You stated in a reply: “Enns doesn’t accept the biblical account of Israel’s origins because it appears to contradict archaeological evidence, and because it was written from a tribal perspective in which God protects us while demanding genocide for our enemies.”
So Enns and others get to determine what is true and not true accounts in the Bible? This does lean close if not completely into the Marcion heresy. Sure, Enns tries playing it safe that one has to accept the “whole Bible” as God’s Word. Yet, we see that in reality, Enns does not bend the knee to God’s Word until man made science and archeology first states that it is okay to do so. To make the claim that this is some “tribal” account, one sure does need to do some hermeneutical gymnastics.
In other words, Marcion took the direct route in cutting off the OT whereas Enns and sadly others are going about the insidious ways of denouncing the authority of the text from within.
The comparison to Marcion is natural, but not really on point. Marcion believed that the God of the Old Testament wasn’t the Abba Jesus talked about but was a demiurge, a kind of junior god that the High God used to create the world (a gnostic idea). He also rejected the Old Testament more or less completely.

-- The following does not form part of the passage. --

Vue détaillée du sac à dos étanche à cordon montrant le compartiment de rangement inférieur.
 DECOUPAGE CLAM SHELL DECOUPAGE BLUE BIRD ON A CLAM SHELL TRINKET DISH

Enns thinks there is only one God, and that God has always been the Abba-Father Jesus preached. It is hardly surprising, therefore, that the biblical accounts of the conquest of Canaan lack historical veracity since they associate intentions and attitudes with God that cannot be squared with the teaching of Jesus. The critical point is that the biblical account of the conquest remain Holy Scripture. The story is revelatory and helps us understand God and the world, just not in the way we might have imagined. If our defense of the Bible makes God look less loving than Jesus said God is, we’ve got a problem.
Although Pete has not checked in here with any comments, I don’t think that he would mind my sharing that he thought your review was quite good. For anyone interested, he has a blog over at Patheos – http://www.patheos.com/blogs/peterenns/
If anyone has not yet already dismiss Enns this is a great reason to. He just doesn’t understand what he is talking about.
Really? Admittedly what Jesus is reported to have said is not consistent – sometimes it suggests those who are judged unworthy of heaven will simply be destroyed, sometimes that they will suffer eternal torment – but there’s certainly enough of the latter, and neither particularly suggests the attitude one would expect of a loving father, or even a minimally decent one. Here’s a collection of the words attributed to Jesus concerning hell and the day of judgement, taken from Greta Christina.
As a 70-something former fundamentalist Baptist and evangelical I read Peter Enns’ book with great delight, finding conclusions there which I had come to in an extended roundabout way. I am reminded of something I read in one of Abraham Joshua Heschel’s books, that the Bible (for him the Old Testament) is God’s’ revelation and man’s response. My opinion: that it is man’s response, yet shows and teaches us the character of God.